The north aisle features a buttress and raised coping aligned with the junction between the nave and chancel. Its windows are 15th-century in style, consisting of groups of two and three lancets with four-centred heads, each group set beneath a square-headed hoodmould. Towards the east end is a vestry door in a 15th-century style surround, and a similar doorway leads to a small shallow porch with a stone roof, positioned immediately west of the aisle's central buttress.

The tower rises through four stages. The lower three stages date from the 15th century and show heavily eroded stonework, whilst later repairs, diagonal buttresses, and the top stage display crisp masonry. The bottom stage contains a west door with ornate strap hinges, approached by a flight of steps and protected by a shallow open porch with a stone roof and cross finial. The second stage features a west window of three tall lancets with two-centred heads beneath a single arched hoodmould. Above this is a heavily eroded carved panel of early 13th-century or earlier date, depicting a bishop standing on the heads of two snakes. The third stage is lit by small lancets set centrally to each face except the east. The 19th-century fourth stage has louvered two-light belfry windows with cusped tracery to each face, with clock faces set above except on the east face. The tower top is embattled and crowned with a needle spire and iron cross finial.

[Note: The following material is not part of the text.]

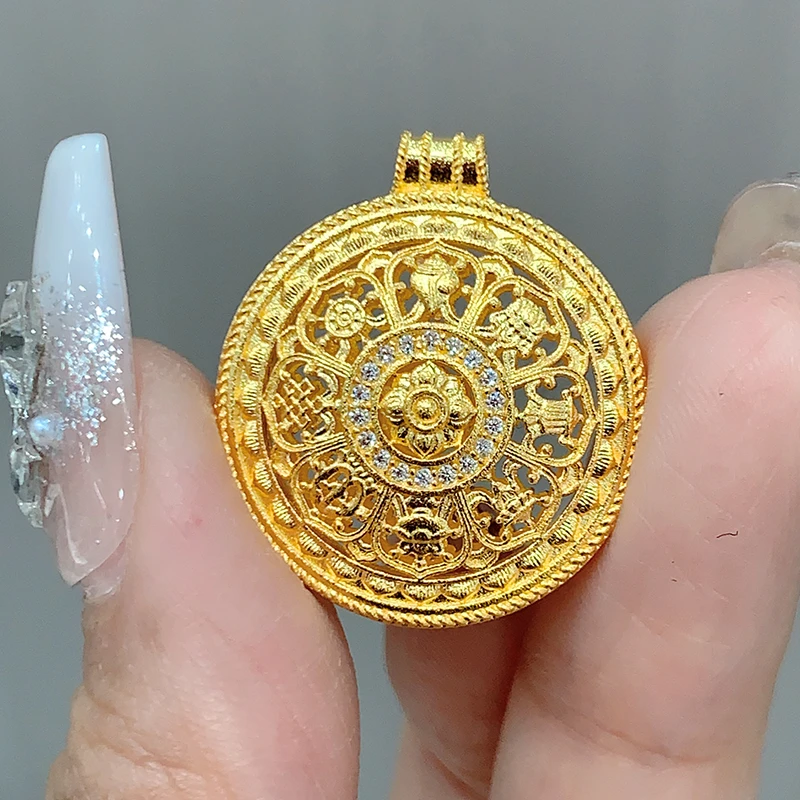 吊坠足银 镶钻小八宝罗盘点钻吊坠-XQDZ0005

The interior retains two three-bay arcades with cylindrical columns and round arches. The northern arcade is slightly earlier, with square abaci and bases to the columns and a simple single chamfer to the arches. The arcade between the chancel and north chapel features double-chamfered arches and columns with circular abaci, moulded caps and bases. The rebuilt chancel arch consists of two orders with a two-centred arch and leaf-stopped hoodmould, rising from clustered shafts with moulded caps and bases. The medieval tower arch comprises three hollow-chamfered orders, with the inner springing from carved corbels in the form of green man masks. The chancel features a timber wagon roof with carved bosses. The nave roof has arch-braced trusses lacking tie beams, with scallop-edged plank windbraces to the double purlins.

Medieval sculpture is a notable feature of the church. Beyond the tower arch corbels, there are a further 23 pieces of figurative medieval sculpture within the building, reset as a corbel table above the nave arcade. Most appear to have been originally corbels, though some are voussoirs and one is a carved panel. Several are stylistically dated to the second half of the 12th century (including the panel and the first and last corbel heads), with some possibly dating to the 13th century.

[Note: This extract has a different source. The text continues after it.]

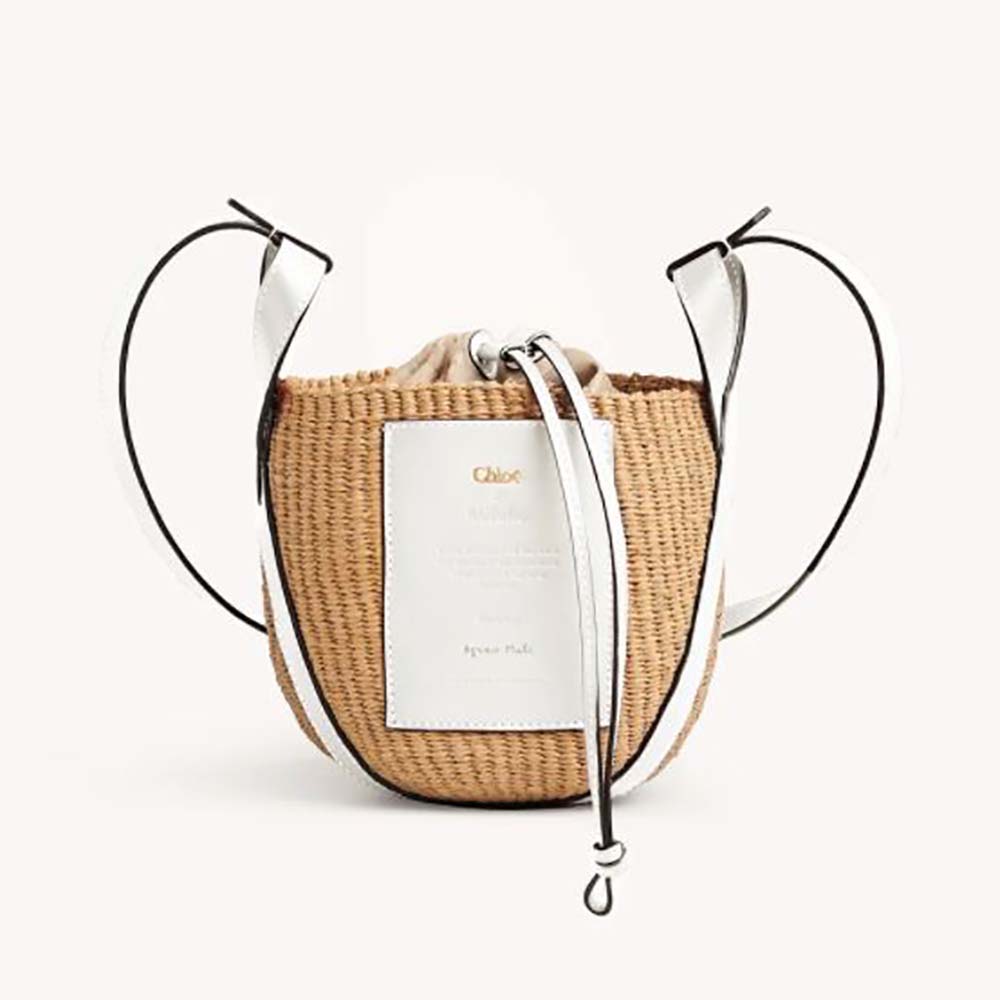 Front view of Chloe Women Small Basket in Fair-Trade Paper and Shiny Calfskin-White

The church contains four stained glass windows: the main east window serves as a First World War memorial; two windows on the south side of the chancel date to 1907 and depict The Charity of St Leonard and Christ the Comforter; and a window depicting Our Lady within a mandorla, reset in a timber screen infilling the tower arch, was brought from the Roman Catholic chapel of St Marys, Well Lane, Malton.

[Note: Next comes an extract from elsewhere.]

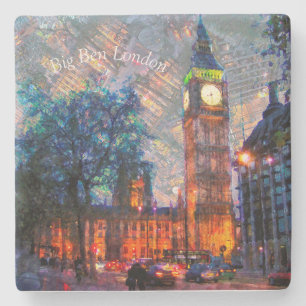 Stone Drink Coasters-Big Ben London Coaster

At least 14 wall-mounted memorials are present within the church, mostly dating before the mid-19th century. The earliest is a timber hatchment bearing the Royal Coat of Arms of George I, dated 1716, probably commemorating the defeat of the First Jacobite Rebellion. The remainder are stone or marble, with the exception of an iron and bronze memorial featuring dolphins and Tuscan columns, dedicated to Arthur Gibson, a Malton brass and iron founder who died in 1837.

The church retains a plain tub font, probably dating from the 12th century, situated at the west end of the north aisle. A 15th-century piscina has been reset in the south wall of the chancel. The tower contains a peal of eight bells dated 1768, cast by Lester and Pack of London and rehung with new fittings in 1950.

The churchyard to the south of the church is enclosed by a wall standing 2 to 3 metres high, constructed from coursed squared stone, principally weathered Hildenley limestone with later repairs and alterations using smaller oolite blocks. This wall extends from the tower south-eastwards, stepping down the slope. The use of Hildenley limestone suggests the wall is likely pre-18th-century in date, possibly late medieval.